In [4]:
# importing packages
import pandas as pd
import numpy as np
import requests
import re
from bs4 import BeautifulSoup
import time
import matplotlib.pyplot as plt
import seaborn as sns
import scipy.stats as stats
from selenium import webdriver
from selenium.webdriver.chrome.service import Service
from selenium.webdriver.chrome.options import Options
from webdriver_manager.chrome import ChromeDriverManager

# Scraping the Wikipedia 2018/2016 top 100 Table

The code below is scraping the '100 most visited cities in 2016/2018 according to Euromonitor' table

In [12]:
wiki_url = 'https://en.wikipedia.org/wiki/List_of_cities_by_international_visitors'
r = requests.get(wiki_url)
text = r.text
soup = BeautifulSoup(r.text)

tables = pd.read_html(wiki_url)
top_cities = tables[2]

top_cities = top_cities.dropna(subset= ['Rank (Euromonitor)'])
final_top = top_cities[['Rank (Euromonitor)', 'City', 'Country / Territory']]

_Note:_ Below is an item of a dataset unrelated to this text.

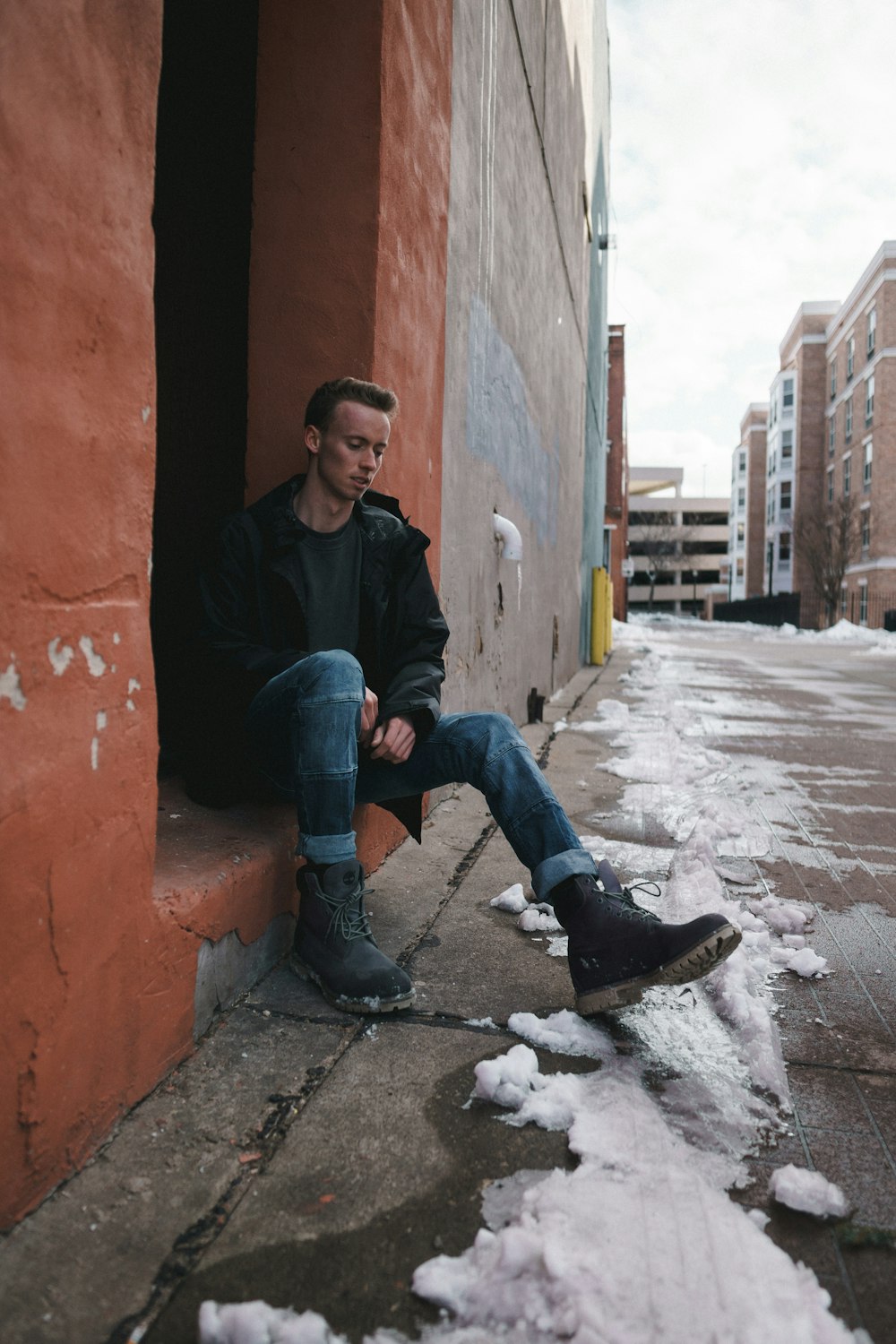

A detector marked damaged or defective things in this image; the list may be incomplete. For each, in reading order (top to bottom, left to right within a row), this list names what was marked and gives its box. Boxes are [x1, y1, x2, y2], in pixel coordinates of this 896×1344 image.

chipped paint on wall [47, 640, 73, 677]
chipped paint on wall [78, 634, 107, 677]
chipped paint on wall [1, 656, 26, 710]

final_top.to_csv('top_cities.csv')

# Adding the BudgetYourTrip.com links to the top_cities.csv

In [5]:
cities = "top_cities.csv" 
city_links = "city_links.txt"
output_file = "cities.csv"


cities = pd.read_csv(cities)


with open(city_links, "r", encoding="utf-8") as f:
    city_urls = [line.strip() for line in f.readlines()[1:]]  


if len(cities) != len(city_urls):
    raise ValueError("Error: The number of cities and URLs do not match!")

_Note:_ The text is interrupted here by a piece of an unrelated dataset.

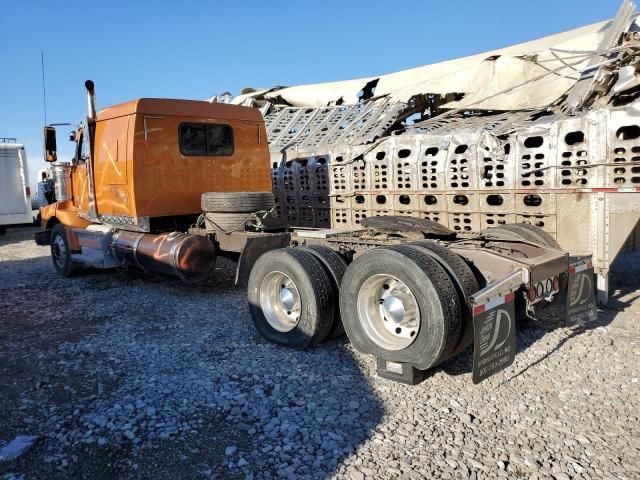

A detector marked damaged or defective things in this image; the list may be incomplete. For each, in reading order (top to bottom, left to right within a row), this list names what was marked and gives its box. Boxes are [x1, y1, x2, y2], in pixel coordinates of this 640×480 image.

damaged trailer [232, 1, 640, 304]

cities["Links"] = city_urls


cities.to_csv(output_file, index=False)


cities = cities.drop(columns=["Unnamed: 0"])

pd.DataFrame(cities)

Unnamed: 0,Rank (Euromonitor),City,Country / Territory,Links
0,1.0,Hong Kong,Hong Kong,https://www.budgetyourtrip.com/hong-kong
1,2.0,Bangkok,Thailand,https://www.budgetyourtrip.com/thailand
2,3.0,London,United Kingdom,https://www.budgetyourtrip.com/united-kingdom/...
3,4.0,Macau,Macau,https://www.budgetyourtrip.com/budgetreportadv...
4,5.0,Singapore,Singapore,https://www.budgetyourtrip.com/singapore
...,...,...,...,...
95,96.0,Jeju,South Korea,https://www.budgetyourtrip.com/south-korea/che...
96,97.0,Porto,Portugal,https://www.budgetyourtrip.com/portugal/porto
97,98.0,Rhodes,Greece,https://www.budgetyourtrip.com/greece/rhodes
98,99.0,Rio de Janeiro,Brazil,https://www.budgetyourtrip.com/brazil/rio-de-j...


# Scraping stay duration costs from BudgetYourTrip.com (with written consent from BudgetYourTrip.com)

The Terms of Use asks to not use web scrapers on their data, so I emailed them and asked if I could scrape their website for the pricing information. They gave me permission, however I will not be publicly displaying the scraped data from their website. 

In [22]:
df = pd.read_csv("cities.csv")

scraped_duration_data = []

# clean_cost() cleans the cost data and converts it to a float

def clean_cost(text):
    try:
        return float(text.replace(",", "").strip())  # Convert to float
    except ValueError:
        return np.nan

# scraping the costs from a single URL
def scrape_duration_costs(url):
    try:
        response = requests.get(url, headers={"User-Agent": "Mozilla/5.0"})
        response.raise_for_status()  

        soup = BeautifulSoup(response.text, "html.parser")

        costs = soup.find_all("span", class_="curvalue")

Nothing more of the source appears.